▶ [Task item]
Would you return exactly the lines below from the line with "2575 Coldwater Crossing" through the line with "Standard Single pulley", both included, and nothing else, leaving out the pictures?

═══ Records provided

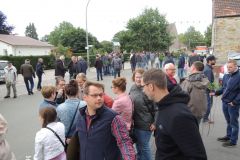 Vogelwegbringen-2018_10102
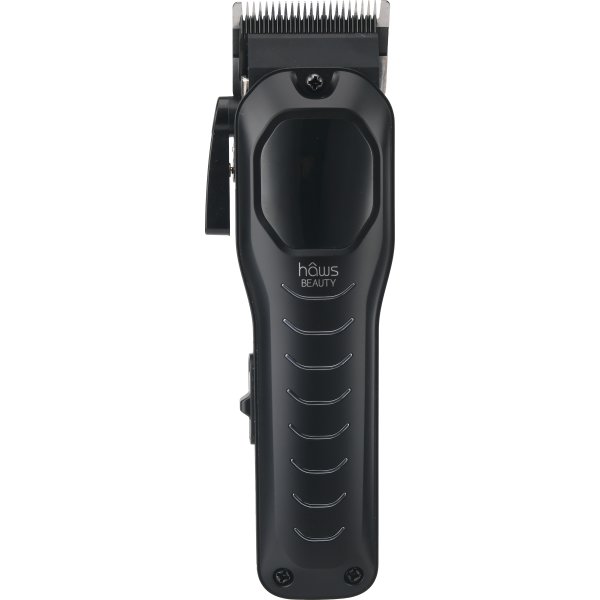 Hâws Hår- og skægtrimmer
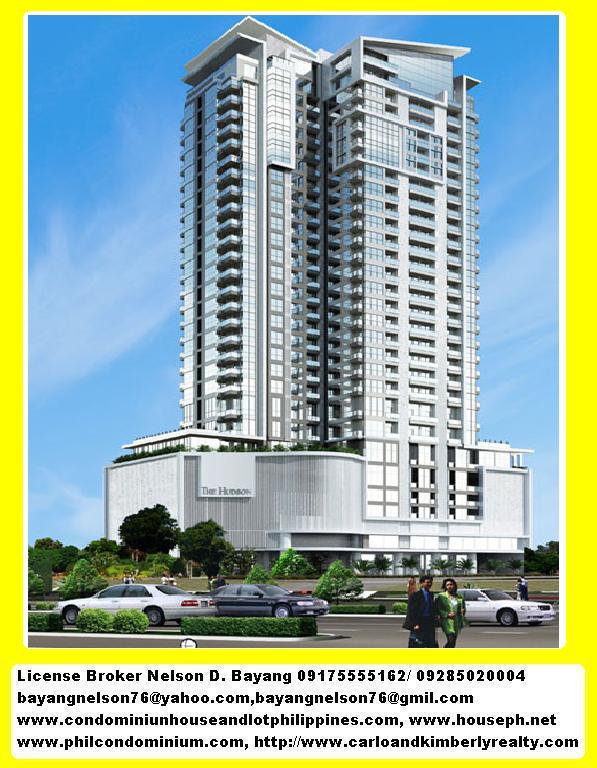 FOR SALE: Apartment / Condo / Townhouse Manila Metropolitan Area > Makati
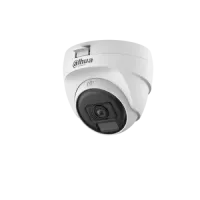 CCTV CAMERA DAHUA HAC-HDW-T1A21P 2MP 3.6MM HD CVI IR DOME CAMERA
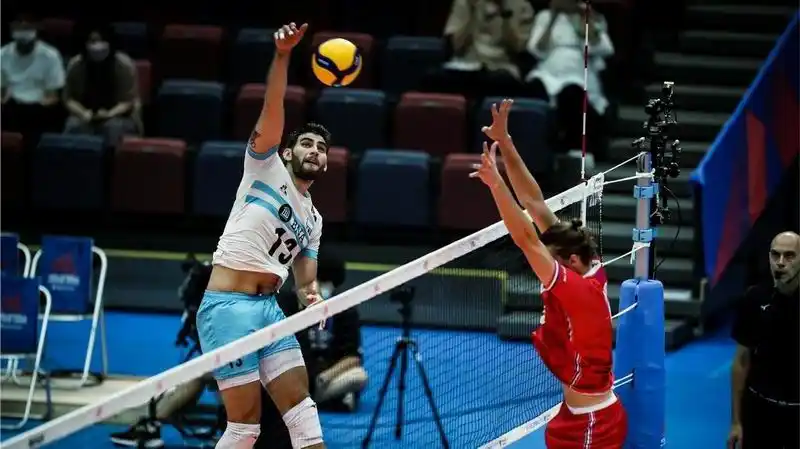 La Selección retoma el trabajo
con vistas a los Juegos Olímpicos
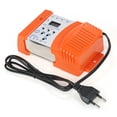 thumbnail image 3 of Compact RF Modulator Audio Video TV Converter RHF UHF Signal Amplifier AC230V, 3 of 7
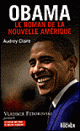 Couverture ouvrage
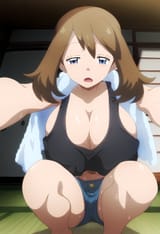 Thread 57910670 OP Image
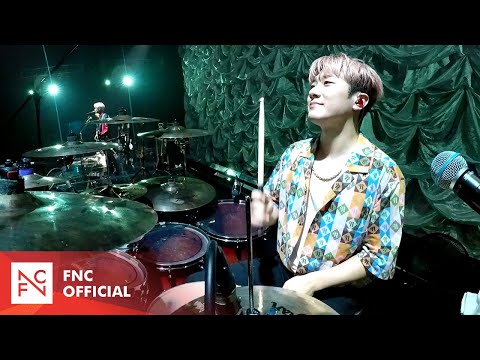 FTISLAND (FT아일랜드) – 'All Of My Life’ LIVE CLIP @2023 FTISLAND LIVE 'HEY DAY'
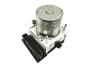 Pompe Abs Jaguar X-Type 6X43-2C405-BA 0265950471 Bosch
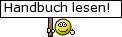 manual.png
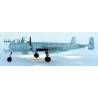 HEINKEL HE 219 A-7 UHU TAMIYA 61057*4400
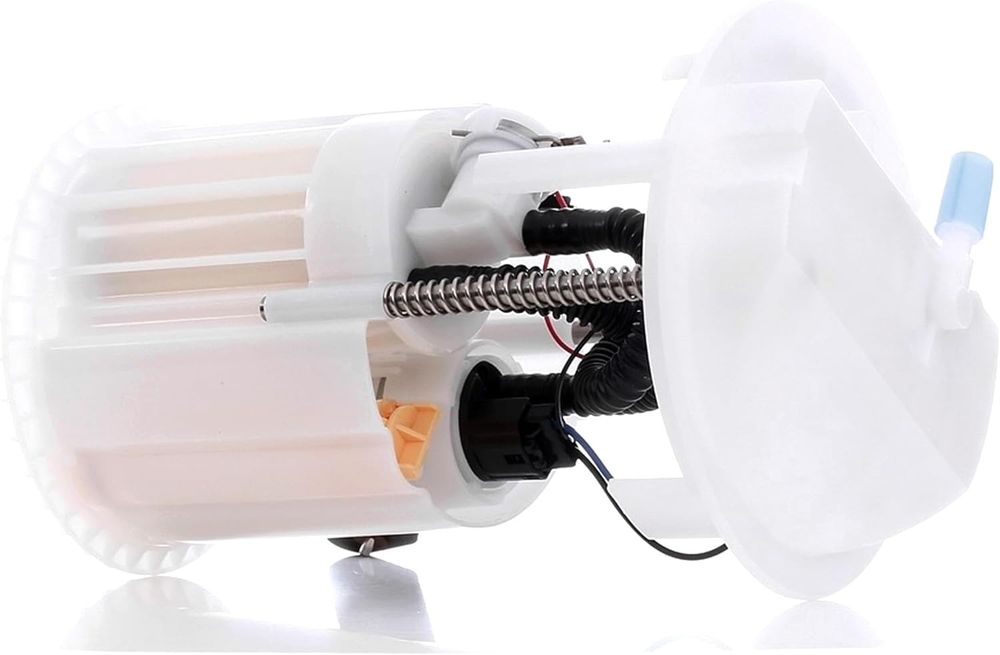 Pompa combustibil Citroen C3 1 (FC) 2002-2013, C3 2 (SC) 2009-2016, C3 Pluriel (HB) 2003-2010, 1.4 BiFuel, 1.1 LPG, 1.1 i, 1.6 16V, 1.4 i, 1.4 16V, 1.6, 1.4, Diam. [mm]: 154, OE 1525CH, SRLine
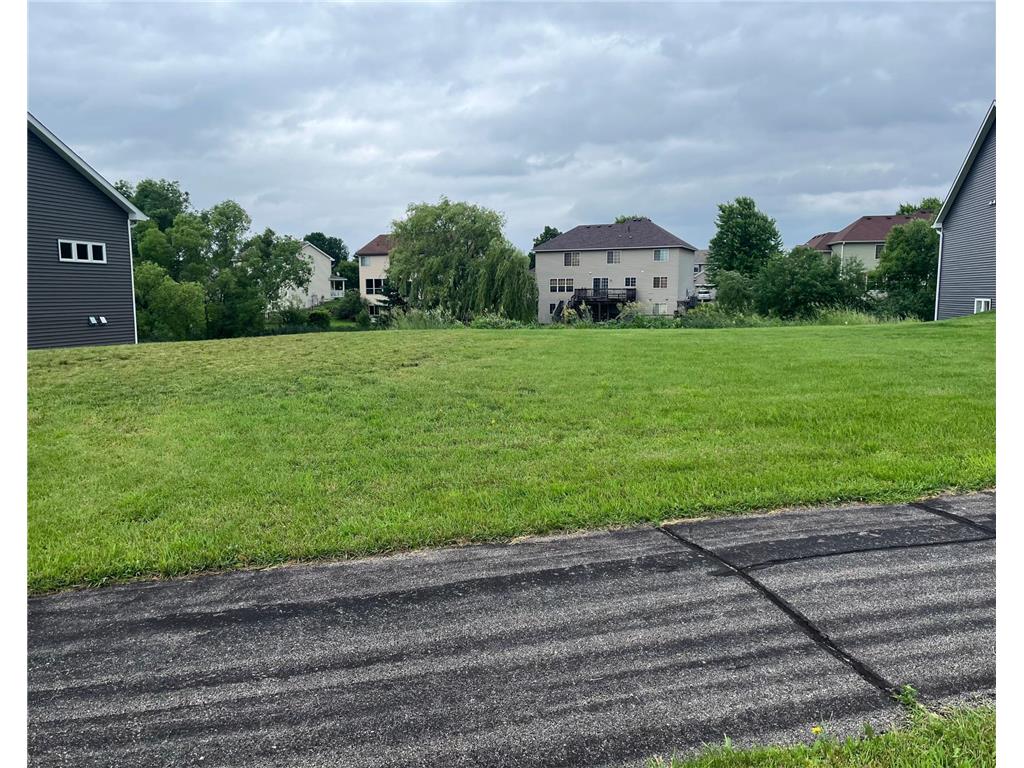 2575 Coldwater Crossing Mayer MN 55360 6553838 image1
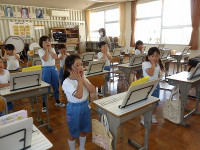 IMGP7598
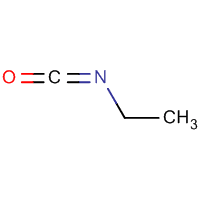 Ethyl isocyanate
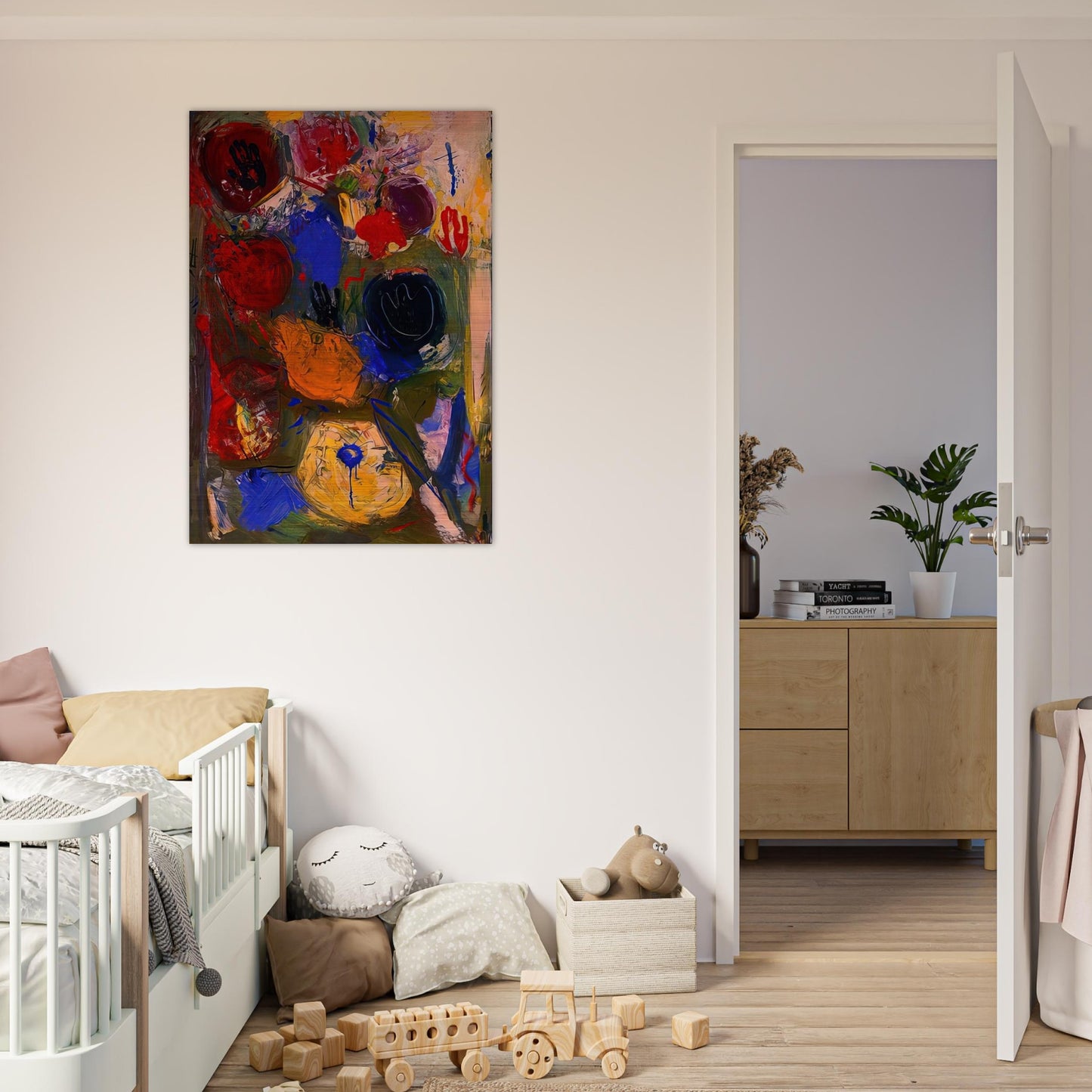 08c37dcb-a8c9-4e83-940e-86008ca0215f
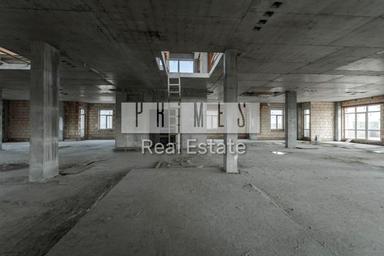 Commercial real estate at st. Ul Tikhaya (area 4322 m²) - Atlanta.ua - photo 64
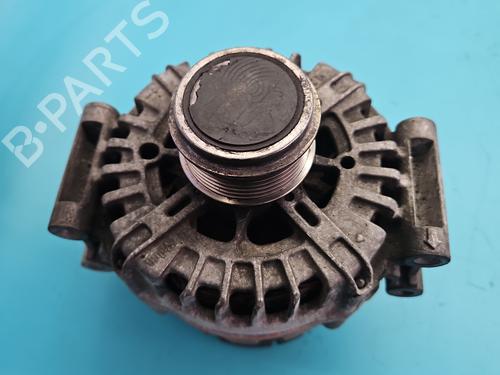Alternator AUDI Q5 (8RB) | BP37990787M7 - Image 2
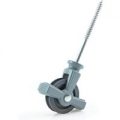 Standard Single pulley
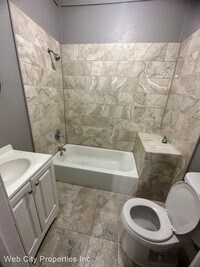 3627 Meyers St photo'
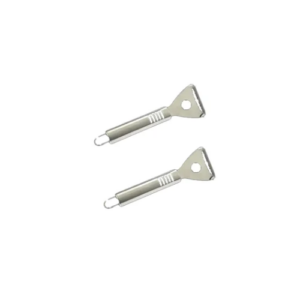 Petals Grace Y Peelar(Set Of 2)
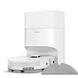 Робот-пилосос Dreame D20 PRO Plus (RLD43SD-WH) White 396522 фото 1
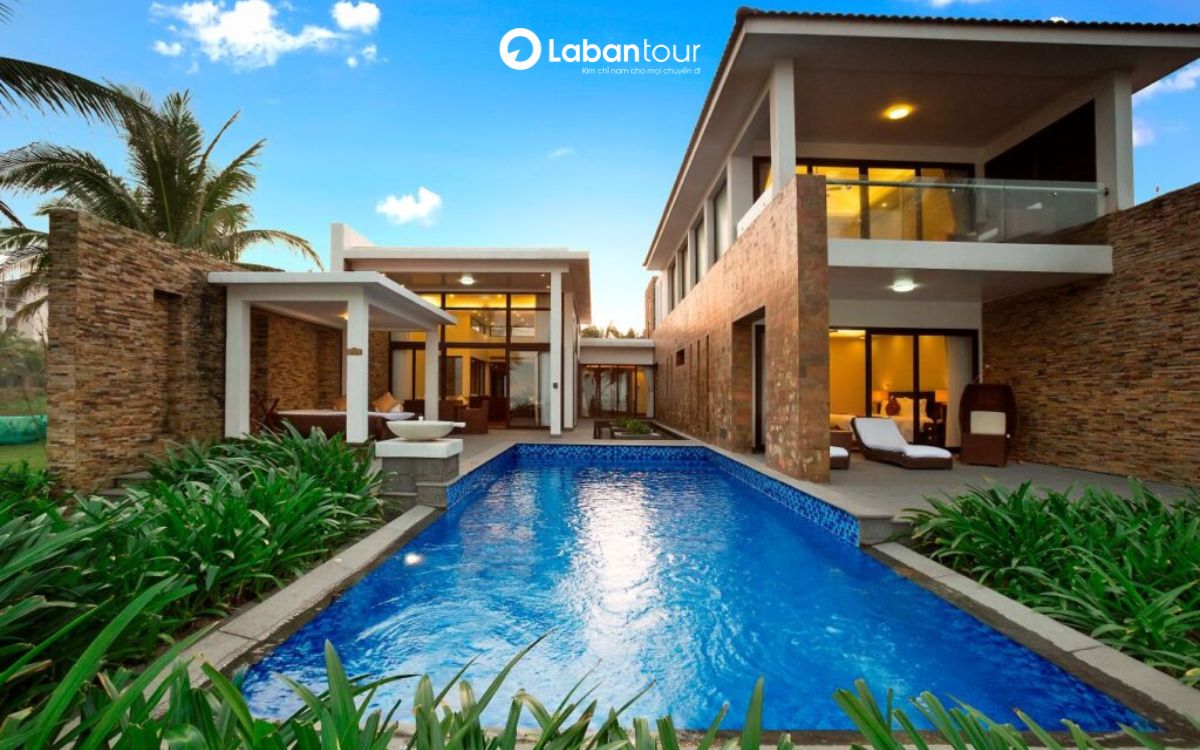 khách sạn Ngũ Hành Sơn đà nẵng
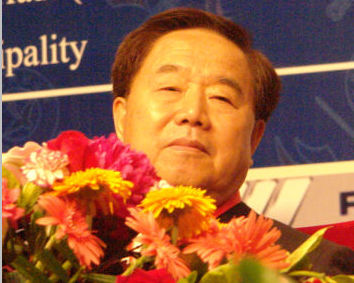 ��־徣��߿ɳ��m(x��)�l(f��)չ֮·��횘�����̼�l(f��)չ����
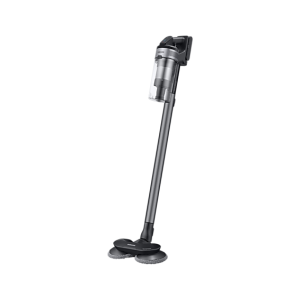 Пилосос SAMSUNG VS20B75ADR5/UK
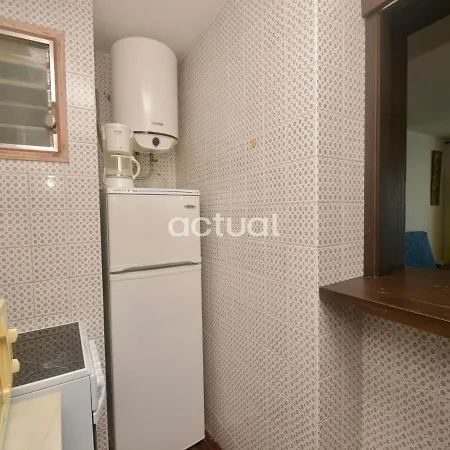 Elypalace 10-3 Διαμέρισμα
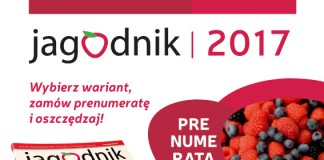 Jak sprostać rosnącym oczekiwaniom rynku?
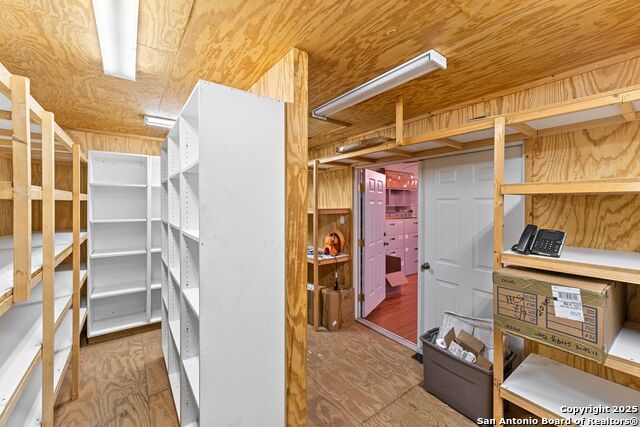 Image 35 of 55 For 4514 Billy Sames Dr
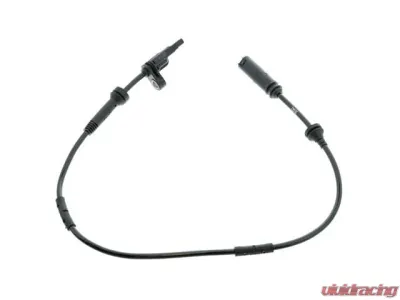 ATE Brakes ABS Sensor 34-52-6-869-293 - 34-52-6-869-293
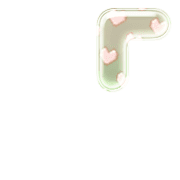 254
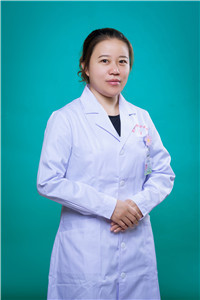 李建辉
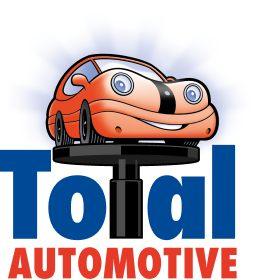 Total Automotive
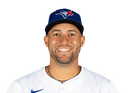 George Springer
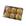 Ouro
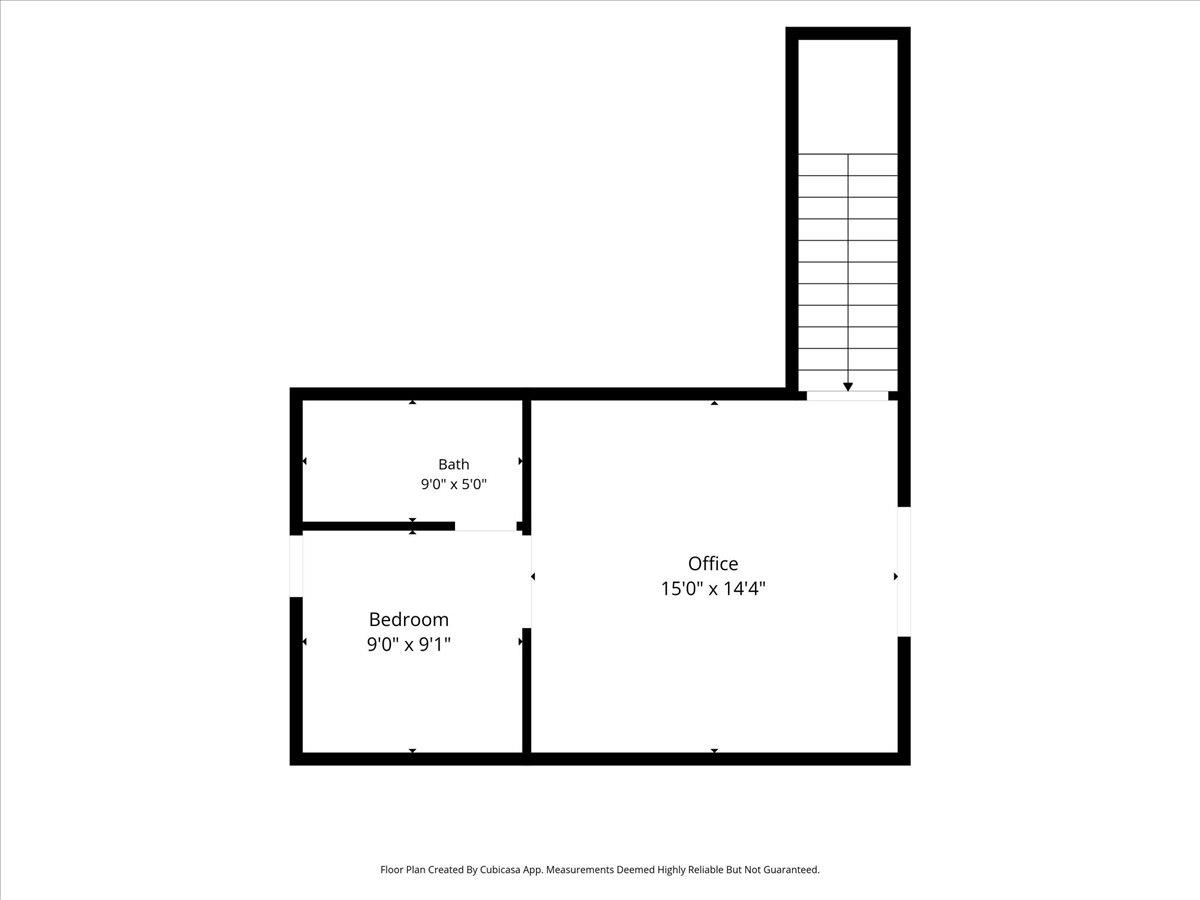 Property photo 3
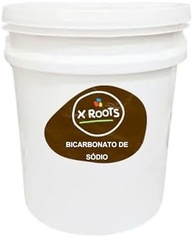 pote-e-bicarbonato-1kg-abre-de-roots-x-sodio-fecha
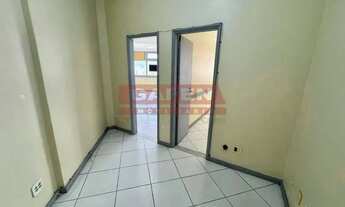 Imagem 4: Excelente imóvel MISTO podendo ser residencial ou comercial - Em frente ao metrô da Urugua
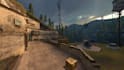 sfm map gmod map s2fm mmd cs2 map tf2 map skyrim halflife dota2 csgo fortnite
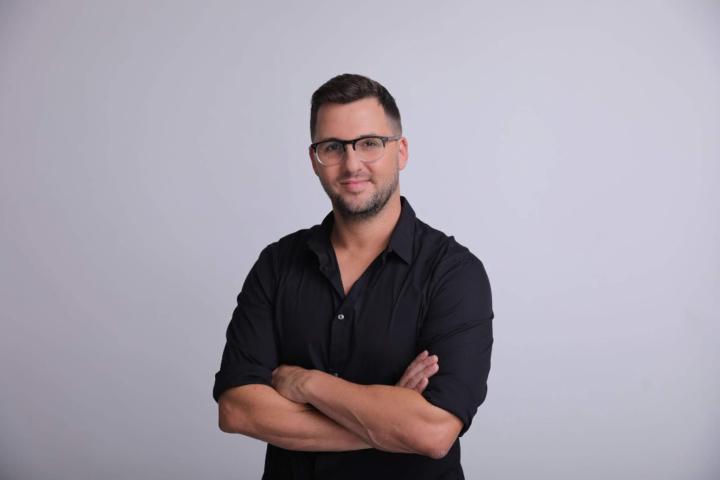 יניב ויצמן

══════

▶ [Result for this task]
 2575 Coldwater Crossing Mayer MN 55360 6553838 image1
 IMGP7598
 Ethyl isocyanate
 08c37dcb-a8c9-4e83-940e-86008ca0215f
 Commercial real estate at st. Ul Tikhaya (area 4322 m²) - Atlanta.ua - photo 64
Alternator AUDI Q5 (8RB) | BP37990787M7 - Image 2
 Standard Single pulley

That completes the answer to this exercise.